Ramblings of an aging IT geek
← Ramblings of an aging IT geek
news

the runc breakout and the joy of a shared kernel

Reacting to the CVE-2019-5736 runc container breakout, why it matters more than the usual container scare, and what I actually changed.

Tech news headline on a screen

This week's disclosure is the runc breakout, CVE-2019-5736, and unlike most container security scares that turn out to be theatre, this one made me stop and patch the same day. A malicious container, or a benign one running an image you didn't write carefully, can overwrite the host's runc binary and from there execute code on the host with root. That is the bad one. That is the breakout people have been hand-waving about for years, finally written down with a CVE number attached.

The mechanism is grimly clever. When you exec into a running container, the host's runc enters the container's namespaces. The exploit gets runc to open itself via /proc/self/exe, then overwrites that binary from inside the container. Next time anyone runs runc on the host, they run the attacker's payload as root. Your container escaped not by breaking a wall but by editing the door.

City skyline at dusk

What makes this land, for me, is that it punctures the comfortable lie a lot of people tell themselves about containers. A container is not a VM. It is a set of namespaces and cgroups over a shared kernel, with a thin runtime gluing it together. Most of the time that's a fine trade, lighter and faster than a VM, and I run plenty. But "isolation" was always doing more rhetorical work than the technology could back up. When the runtime that enforces the boundary has a hole, the boundary is gone, because there was only ever the one kernel underneath.

The good news is the response has been quick and grown-up. The runc maintainers had a fix out fast, and the distros and the big registries moved within days. If you run containers anywhere, the action is dull and urgent in equal measure: update runc (or containerd/Docker, whatever pulls it in) to the patched version, today, on every host.
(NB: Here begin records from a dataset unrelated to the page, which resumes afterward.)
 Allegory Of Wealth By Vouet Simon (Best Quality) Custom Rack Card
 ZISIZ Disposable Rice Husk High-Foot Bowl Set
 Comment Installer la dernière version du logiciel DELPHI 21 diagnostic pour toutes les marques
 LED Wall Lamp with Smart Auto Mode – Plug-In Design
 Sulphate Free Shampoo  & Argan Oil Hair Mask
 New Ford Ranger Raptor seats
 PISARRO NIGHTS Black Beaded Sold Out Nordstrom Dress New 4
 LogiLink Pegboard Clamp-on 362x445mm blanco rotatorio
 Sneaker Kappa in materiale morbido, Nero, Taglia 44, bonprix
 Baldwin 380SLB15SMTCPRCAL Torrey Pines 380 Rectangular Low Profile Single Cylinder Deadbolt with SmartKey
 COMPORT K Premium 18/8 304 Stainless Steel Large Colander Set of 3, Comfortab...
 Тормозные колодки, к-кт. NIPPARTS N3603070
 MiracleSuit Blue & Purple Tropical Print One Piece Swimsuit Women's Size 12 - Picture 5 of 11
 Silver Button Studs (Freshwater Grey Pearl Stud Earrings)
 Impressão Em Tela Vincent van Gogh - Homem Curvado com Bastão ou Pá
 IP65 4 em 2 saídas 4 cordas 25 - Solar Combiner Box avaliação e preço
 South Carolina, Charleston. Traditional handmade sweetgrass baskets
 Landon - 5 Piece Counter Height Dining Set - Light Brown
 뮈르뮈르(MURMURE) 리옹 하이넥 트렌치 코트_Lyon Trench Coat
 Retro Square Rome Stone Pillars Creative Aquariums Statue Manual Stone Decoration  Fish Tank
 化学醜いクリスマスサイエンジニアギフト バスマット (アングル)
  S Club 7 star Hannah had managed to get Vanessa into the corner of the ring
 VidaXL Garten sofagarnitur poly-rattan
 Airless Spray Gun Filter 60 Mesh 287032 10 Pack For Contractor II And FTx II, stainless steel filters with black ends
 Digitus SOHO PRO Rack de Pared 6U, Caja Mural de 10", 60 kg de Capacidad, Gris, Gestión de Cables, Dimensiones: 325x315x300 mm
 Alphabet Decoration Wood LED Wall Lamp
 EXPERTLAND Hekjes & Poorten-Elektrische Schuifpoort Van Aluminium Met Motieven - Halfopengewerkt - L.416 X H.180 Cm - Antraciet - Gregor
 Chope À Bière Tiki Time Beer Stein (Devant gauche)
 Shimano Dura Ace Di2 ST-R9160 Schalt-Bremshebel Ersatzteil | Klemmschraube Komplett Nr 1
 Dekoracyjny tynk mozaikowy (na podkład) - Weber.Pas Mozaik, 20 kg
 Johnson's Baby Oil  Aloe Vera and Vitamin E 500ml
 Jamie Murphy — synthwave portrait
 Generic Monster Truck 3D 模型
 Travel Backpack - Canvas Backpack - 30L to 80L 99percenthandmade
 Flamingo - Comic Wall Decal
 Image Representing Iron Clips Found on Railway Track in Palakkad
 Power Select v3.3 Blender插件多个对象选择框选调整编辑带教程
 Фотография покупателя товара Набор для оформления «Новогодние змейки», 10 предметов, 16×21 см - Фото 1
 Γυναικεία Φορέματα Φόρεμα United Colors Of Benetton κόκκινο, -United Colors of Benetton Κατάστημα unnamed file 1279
There's no clever mitigation that beats just patching it.

For what it's worth, here's what I changed beyond patching. I'd been lazy about running containers as root, and this was the nudge to stop. User namespaces, so the container's root maps to an unprivileged host user, would have blunted this. Dropping capabilities I never needed. And treating docker run on an untrusted image with the same suspicion I'd give running its entrypoint as root on the host directly, because as of this week that's demonstrably what it can amount to.

None of this is panic. Containers are still good and I'm still using them tomorrow. But it's a useful, specific reminder that the kernel is shared, the runtime is part of your trust boundary, and "it's in a container" is the start of a security argument, not the end of one. Patch your hosts.